Monday, December 24, 2007

Utah Film Critics Association announces year-end awards

You'll see my own best-of next week, but here's where my organization landed:

Best Picture: No Country for Old Men
Runner-up: Juno
 
Best Achievement in Directing: Joel and Ethan Coen, No Country for Old Men
Runner-up: Paul Thomas Anderson, There Will Be Blood
 
Best Lead Performance, Male: Daniel Day-Lewis, There Will Be Blood
Runner-up: Casey Affleck, The Assassination of Jesse James by the Coward Robert Ford
 
Best Lead Performance, Female: Ellen Page, Juno
Runner-up: Amy Adams, Enchanted
 
Best Supporting Performance, Female: Amy Ryan, Gone Baby Gone
Runner-up: Cate Blanchett, I’m Not There
 
Best Supporting Performance, Male: Javier Bardem, No Country for Old Men
Runner-up: Hal Holbrook, Into the Wild
 
Best Screenplay: Joel and Ethan Coen, No Country for Old Men
Runner-up: Diablo Cody, Juno
 
Best Documentary Feature: The King of Kong: A Fistful of Quarters
Runner-up: My Kid Could Paint That
 
Best Animated Feature: Ratatouille
Runner-up: The Simpsons Movie
 
Best Non-English Language Feature: The Host
Runner-up: The Diving Bell and the Butterfly
 
Utah Film Critics Association Top 10 Films of 2007 (alphabetical):
3:10 to Yuma
The Assassination of Jesse James by the Coward Robert Ford
No Country for Old Men
I’m Not There
Into the Wild
Juno
Knocked Up
Michael Clayton
Once
There Will Be Blood

3 comments:

George Lucas said...

The only good part of "No Country for Old Men" was the digital deer running away at the beginning. Everything else was stupid.

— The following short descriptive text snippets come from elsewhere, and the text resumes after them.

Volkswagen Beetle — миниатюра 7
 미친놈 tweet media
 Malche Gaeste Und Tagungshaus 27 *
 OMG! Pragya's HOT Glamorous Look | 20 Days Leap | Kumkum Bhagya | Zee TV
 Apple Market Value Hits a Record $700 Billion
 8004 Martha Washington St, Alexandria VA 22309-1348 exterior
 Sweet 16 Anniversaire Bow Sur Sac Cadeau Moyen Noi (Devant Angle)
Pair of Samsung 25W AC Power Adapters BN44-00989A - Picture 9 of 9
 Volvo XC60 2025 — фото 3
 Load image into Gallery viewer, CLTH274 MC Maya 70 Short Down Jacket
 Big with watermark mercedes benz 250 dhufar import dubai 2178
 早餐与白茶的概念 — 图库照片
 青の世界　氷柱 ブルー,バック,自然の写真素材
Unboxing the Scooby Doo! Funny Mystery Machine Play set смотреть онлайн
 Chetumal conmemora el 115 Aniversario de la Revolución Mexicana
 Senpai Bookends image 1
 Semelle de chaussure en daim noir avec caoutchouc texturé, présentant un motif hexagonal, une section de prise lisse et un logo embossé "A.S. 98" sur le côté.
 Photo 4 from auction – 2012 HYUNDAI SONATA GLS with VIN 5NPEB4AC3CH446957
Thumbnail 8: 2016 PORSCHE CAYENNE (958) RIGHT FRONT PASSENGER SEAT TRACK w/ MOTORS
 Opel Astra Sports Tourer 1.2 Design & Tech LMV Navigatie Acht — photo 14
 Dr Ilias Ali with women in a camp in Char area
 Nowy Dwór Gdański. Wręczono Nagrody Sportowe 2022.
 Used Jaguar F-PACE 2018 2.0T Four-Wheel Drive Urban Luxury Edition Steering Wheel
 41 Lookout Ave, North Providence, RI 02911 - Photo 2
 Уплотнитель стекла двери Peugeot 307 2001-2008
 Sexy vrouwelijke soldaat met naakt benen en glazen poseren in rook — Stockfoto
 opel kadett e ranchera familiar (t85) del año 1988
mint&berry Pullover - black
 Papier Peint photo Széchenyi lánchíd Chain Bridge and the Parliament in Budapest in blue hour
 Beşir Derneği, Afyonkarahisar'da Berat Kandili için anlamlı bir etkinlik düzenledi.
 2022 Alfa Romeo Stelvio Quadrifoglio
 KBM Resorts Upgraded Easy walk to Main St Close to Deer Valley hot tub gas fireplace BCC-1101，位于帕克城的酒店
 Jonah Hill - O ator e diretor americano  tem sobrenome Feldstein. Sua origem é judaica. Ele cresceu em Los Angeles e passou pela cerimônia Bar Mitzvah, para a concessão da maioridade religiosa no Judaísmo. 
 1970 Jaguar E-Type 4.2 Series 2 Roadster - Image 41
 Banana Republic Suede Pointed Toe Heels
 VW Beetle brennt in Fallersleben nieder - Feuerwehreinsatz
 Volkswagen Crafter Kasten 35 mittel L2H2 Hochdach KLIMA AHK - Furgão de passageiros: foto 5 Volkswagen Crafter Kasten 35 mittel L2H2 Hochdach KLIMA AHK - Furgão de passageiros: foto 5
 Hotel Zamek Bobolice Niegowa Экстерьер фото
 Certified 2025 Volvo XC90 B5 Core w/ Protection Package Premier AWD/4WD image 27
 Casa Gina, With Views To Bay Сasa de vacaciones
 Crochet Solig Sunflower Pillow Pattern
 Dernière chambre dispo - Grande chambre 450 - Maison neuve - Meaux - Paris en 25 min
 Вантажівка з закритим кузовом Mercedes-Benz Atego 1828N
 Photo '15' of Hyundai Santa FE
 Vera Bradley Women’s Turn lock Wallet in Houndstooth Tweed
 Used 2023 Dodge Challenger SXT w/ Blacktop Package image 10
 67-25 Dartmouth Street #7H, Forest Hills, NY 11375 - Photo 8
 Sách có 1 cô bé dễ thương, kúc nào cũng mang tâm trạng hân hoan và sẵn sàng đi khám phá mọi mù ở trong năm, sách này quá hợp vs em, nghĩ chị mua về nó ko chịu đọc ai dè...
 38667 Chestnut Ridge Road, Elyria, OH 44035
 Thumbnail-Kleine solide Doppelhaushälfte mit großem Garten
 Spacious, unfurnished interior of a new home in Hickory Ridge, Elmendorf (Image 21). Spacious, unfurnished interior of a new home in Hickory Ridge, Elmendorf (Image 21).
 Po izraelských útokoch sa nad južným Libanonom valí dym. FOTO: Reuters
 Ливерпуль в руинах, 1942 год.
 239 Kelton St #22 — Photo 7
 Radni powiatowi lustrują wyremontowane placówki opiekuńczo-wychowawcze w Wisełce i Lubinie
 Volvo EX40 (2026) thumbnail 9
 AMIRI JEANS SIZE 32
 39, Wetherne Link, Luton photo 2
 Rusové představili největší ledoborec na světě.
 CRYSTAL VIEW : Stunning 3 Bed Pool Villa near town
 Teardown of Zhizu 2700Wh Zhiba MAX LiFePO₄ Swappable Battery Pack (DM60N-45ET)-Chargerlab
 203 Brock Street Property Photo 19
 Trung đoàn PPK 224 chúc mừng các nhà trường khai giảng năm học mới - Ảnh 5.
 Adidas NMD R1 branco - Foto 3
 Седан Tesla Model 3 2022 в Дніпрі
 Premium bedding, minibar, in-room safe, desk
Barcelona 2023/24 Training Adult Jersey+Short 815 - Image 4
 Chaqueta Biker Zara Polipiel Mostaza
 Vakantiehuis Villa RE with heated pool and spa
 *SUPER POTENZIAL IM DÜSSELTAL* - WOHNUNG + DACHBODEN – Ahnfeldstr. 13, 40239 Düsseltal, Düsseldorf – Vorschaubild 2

Instead of drugs and money, the whole movie should have been about those digital deer.

[stroke stroke stroke]

Robert Zemeckis said...

What if the camera just followed that digital deer around for an hour, until a leaf floated by, then the camera could follow that, and then it could land on a FedEx truck and follow that to a bird and follow that...

[the distinct sound of stroking]

George Lucas said...

Oh fuck yeah, Bob, that would be awesome. You know what else I thought of?

OK, you remember how in the movie, like there's all this wide open space and stuff? Sometimes it's just that one guy and desert. Obviously these "Coen" gus has never seen a REAL desert - otherwise it would have been more along the lines of Tatooine.

Remember that part where there are two trucks on the top of that hill? I was all like, "That's all? Just two trucks?" Instead, there should have been like a giant spaceships - with purple green lights flashing in strobe fashion - hovering right above the trucks, and right behind the giant spaceship there would be all these smaller spaceships, all with different kinds of weapons and stuff.

See, that would add a lot more CONFLICT than just some guy with some money (boring!) So with all those spaceships sitting there, they would all team up (the aliens, I mean) and start shooting at those Mexican guys. And it'd be like, "BBBBSHHHH!" and "PWEEEUUHH" and "DZ-DZ-DZ-DZ-DZ-DZ" and "KABOOOOM!"

[THX-quality audio of furious strokage]

See, so then the guy with the money would be able to easily get away....or would he?

Answer: NO HE WOULDN'T! Because right when he turned around to get away, there would be these giant digital robot butterflies standing in his way and their wings would spread out like majestic killilng machines and start swatting at him, and he'd be like "AAAAAAHH! I'm getting attacked by giant robot CGI butterflies!" (Hint: That's expositional dialogue. It explains to us what's going on.)

And at one point he'd fall in the sand and almost get killed, and he's be like, "Awww...I don't like the sand. It's coarse and rough. It's not like my wife's skin - which is so smoothe."

Oooh, oooh, oooh, I forgot to tell you: In the part with the giant butterflies, instead of a dark night sky, there are a bunch of other planets lit up in the sky and stuff. That's way better than just empty sky! And there'd be like giant meteor showers going on in the background and space stations hovering just above, with advanced beings observing the plebian human life forms below.

And I'd have some fireworks in the background, too.

One other thing I thought was stupid was how there wasn't even any music. Where's the fuckin music, man?! I'd get John Williams on the phone and have him get together this big orchestra of like a million people and do this really LOUD music. Oh fuck yeah, John Williams, fuck yeah!

See? If they would have made "No Country for Old Men" like I did, it would be better, not only because it would be more digital, but because, like all of my movies, it would really be about light and color and movement.